MID function returns text values, sometimes, if you want to returns number values, you may add "`--`

" in the formula. For example:

`=--MID("Excel 2013",6,5)`

equals `2013`

.

### Sum the digits of a number

A worksheet contains digit numbers in column A. The digits in each number need to be added together and the result shown in column B. To do so, the digits of a cell are extracted by the MID function and summed.

The example may be easier to understand if you copy the example data (include header) in the following table, and paste it in cell **A1** of a new Excel worksheet. If you need to, you can adjust the column widths to see all the data.

Data | Formula | Result | Description |
---|---|---|---|

1111 | `{=SUM(--MID(A2,ROW(INDIRECT("1:"&LEN(A2))),1))}` |
4 | Array formula |

2222 | `{=SUM(--MID(A3,ROW(INDIRECT("1:"&LEN(A3))),1))}` |
8 | Array formula |

33333 | `{=SUM(--MID(A4,ROW(INDIRECT("1:"&LEN(A4))),1))}` |
15 | Array formula |

12345 | `{=SUM(--MID(A5,ROW(INDIRECT("1:"&LEN(A5))),1))}` |
15 | Array formula |

The formula in the example must be entered as an **array formula**. After copying the formula to a blank cell, select the cell, press `F2`, and then press `CTRL`+`SHIFT`+`ENTER`.

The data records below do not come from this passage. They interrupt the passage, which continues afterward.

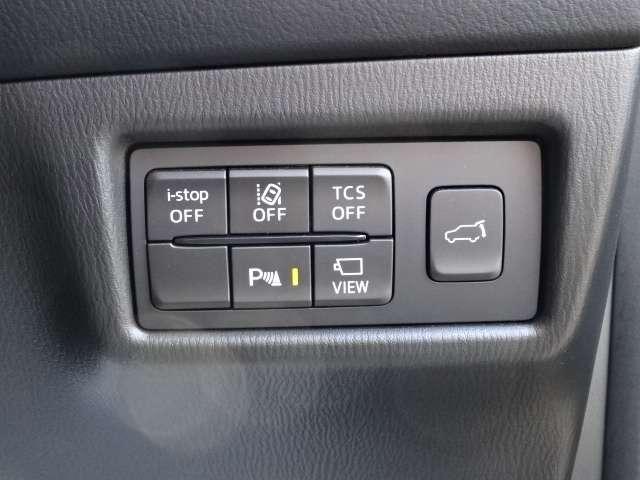 ＣＸ－８ ２．２　ＸＤ　ブラックトーン　エディション　ディーゼルターボ　・ナビ・ＴＶ・ＥＴＣ・全方位モニター・ドラレ　３６０ビュー　クルコン　衝突軽減装置　運転席パワーシート　ＬＥＤヘッド　コーナーセンサー　シートヒーター　スマートキー　ＥＴＣ　キーレス　３列シート　ナビ（17枚目）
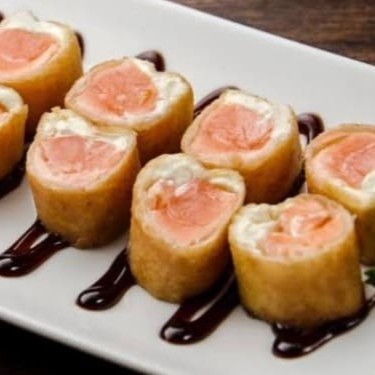 Porção com 10 unidades.  Hot na casquinha de Harumaki com cream cheese e cebolinha ,sem arroz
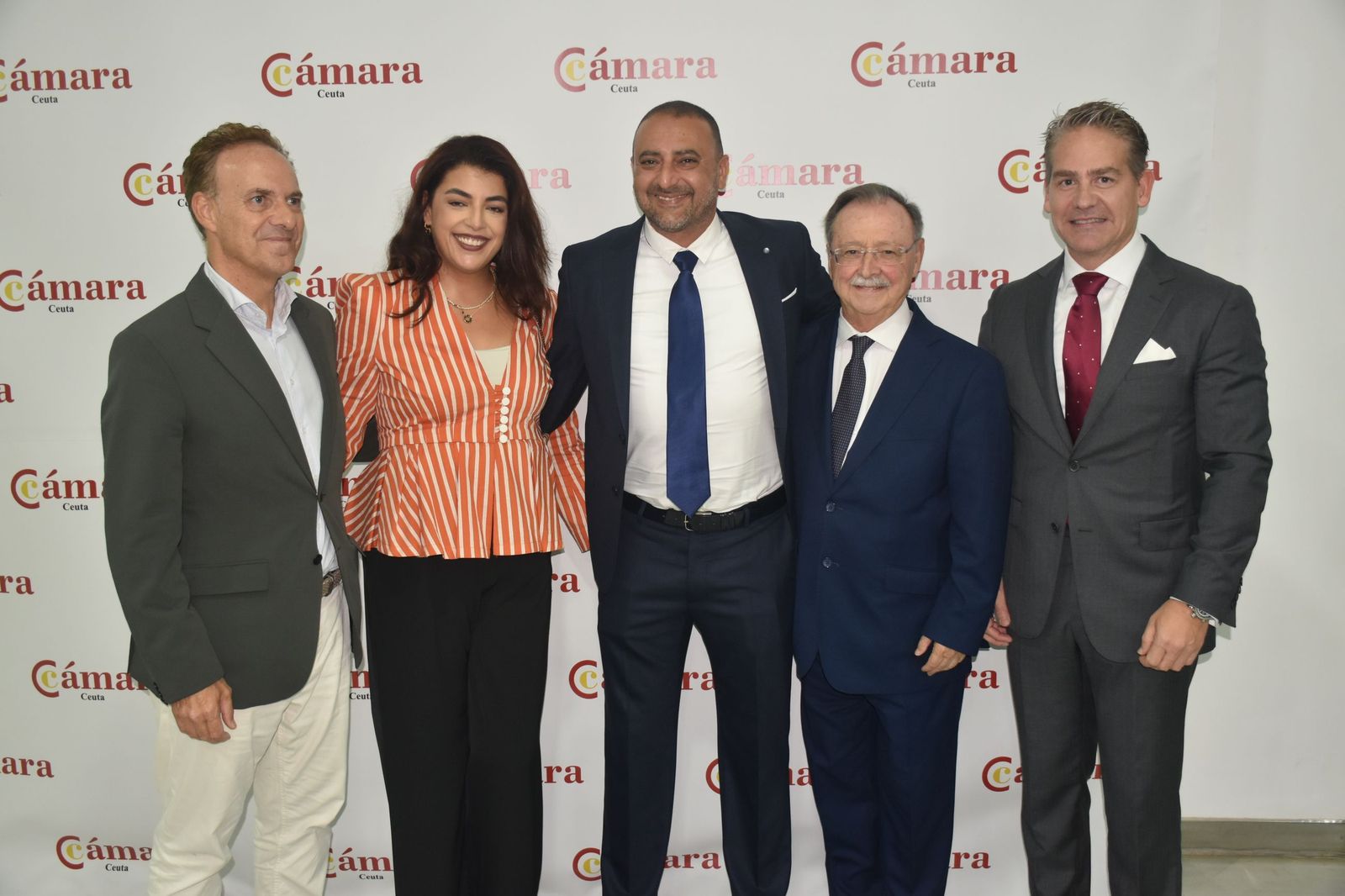 Luhay Hamido recibe la Medalla de Oro de la Cámara por su compromiso con el deporte ceutí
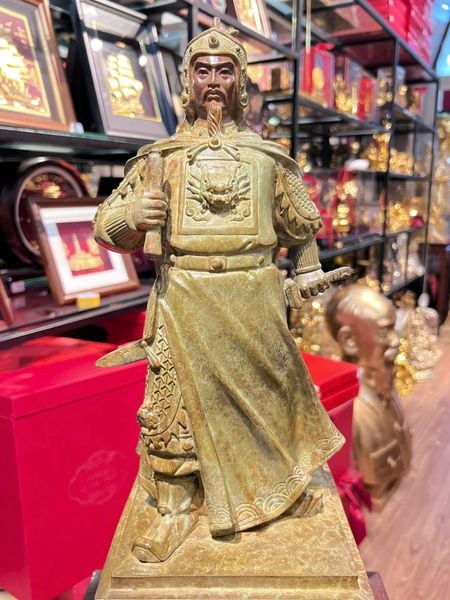 Tượng Trần Hưng Đạo bằng đồng cao 50cm, Patina xanh rêu cổ loang vân hỏa biến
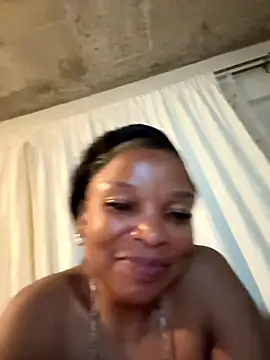 slimcateee online show from December 15, 7:52 pm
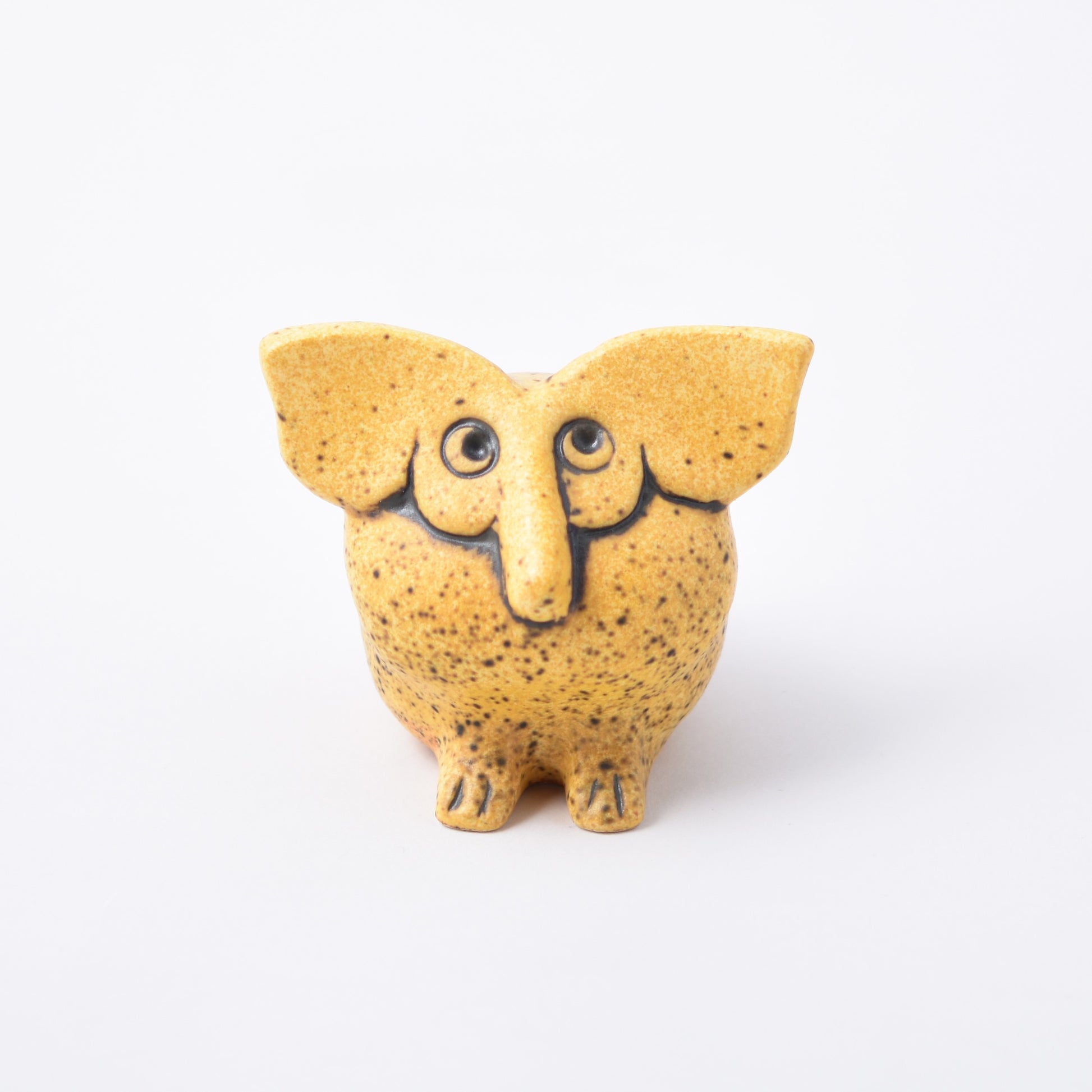 Djur med stora öron och lång näsa av Lisa Larson med namnet Olga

### Separate last name from first name

The example may be easier to understand if you copy the example data (include header) in the following table, and paste it in cell **A1** of a new Excel worksheet. If you need to, you can adjust the column widths to see all the data.

Name | Formula | Last Name |
---|---|---|

Dwayne Johnson | `=MID(A2,SEARCH(" ",A2)+1,100)` |
Johnson |

Taylor Swift | `=MID(A3,SEARCH(" ",A3)+1,100)` |
Swift |

Leonardo DiCaprio | `=MID(A4,SEARCH(" ",A4)+1,100)` |
DiCaprio |

Vin Diesel | `=RIGHT(A5,LEN(A5)-SEARCH(" ",A5))` |
Diesel |

Kobe Bryant | `=RIGHT(A6,LEN(A6)-SEARCH(" ",A6))` |
Bryant |

The SEARCH function can be used to determine the space between the parts of the text string.

First, the **SEARCH** function returns the position of the space character inside a Name.

Next, the **MID** or **RIGHT** function returns the last name.